A comprehensive guide to managing and leading a small nonprofit organization.
The latest book from Hanberg, the director of audience development for KNKX public radio in Tacoma, Washington, is aimed at a small and very well-defined readership: present and prospective executive directors of small-to-middling nonprofits. He sets the tone early, noting that the typical experience of running a nonprofit is one of running desperately from one crisis to the next, trying to put out fires. Hanberg has had two decades of experience dealing with such crises, and he imagines that he’s writing his book for that younger version of himself, just starting out. He begins by defining basic terms: What does an executive director do? How do they interact with what the author sees as the three key elements of all nonprofits: mission, people, and money? Along the way, the author draws a crucial distinction between being an employee and being a leader: “Did you actually work to make something different and better (a leader) or did you sit back and take what was given, even if you thought there could be a better way (an employee)?” Hanberg advises his readers that good executive directors must have a wider vision for a nonprofit, lead with that in mind, and not get caught in day-to-day squabbles on an operational level: “The more you can extricate yourself from the daily operations of your nonprofit,” he writes, “the more the real work of your job can begin.” Sometimes, according to Hanberg, that real work will eventually shape the nonprofit itself. “The nonprofit will start to look like you,” he writes. “Because everyone is taking their cues from you.”
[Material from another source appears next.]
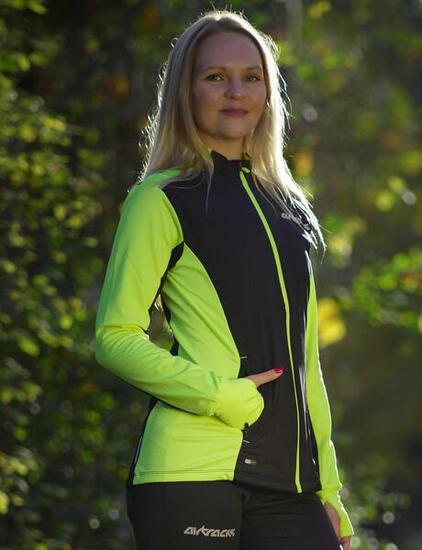 Damen Winter Fleece Laufshirt Langarm Thermo Running Sweatshirt Pro Line Schwarz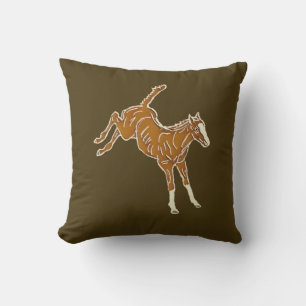 Frolicking Horse Foal - transparent multi-colour. Cushion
Hanberg is a highly engaging writer, and he shows himself to be adept at shifts in pacing that make for fluid reading—and which are generally rare in leadership-related books. He enlivens the narrative with stories drawn from his own long experience and also with a protracted but useful hypothetical situation involving a nonprofit executive director who faces pretty much every problem and complication that any of Hanberg’s readers are likely to see. On the surface, the book’s ambit seems dauntingly narrow; its broader application comes from the fact that its author never loses sight of the fact that his real subject is leadership in general. He delves into the specifics of nonprofit activities, such as building memberships, establishing new streams of income, and modeling efficient budgets, and he spends a good deal of time discussing boards of directors—often the bane of a typical executive director’s existence. But his primary focus is how to manage the mission, the money, and the people that get the job done: “Even if you have a new staff hungry for a change,” he writes, “it's best to showthem the changes you want to make later, not just vaguely tell them about it on your first introduction.” These leadership principles are broadly applicable and not simply visible in the nonprofit spectrum.
A wide-ranging and compelling explanation of what it takes to do a nonprofit executive director’s job well.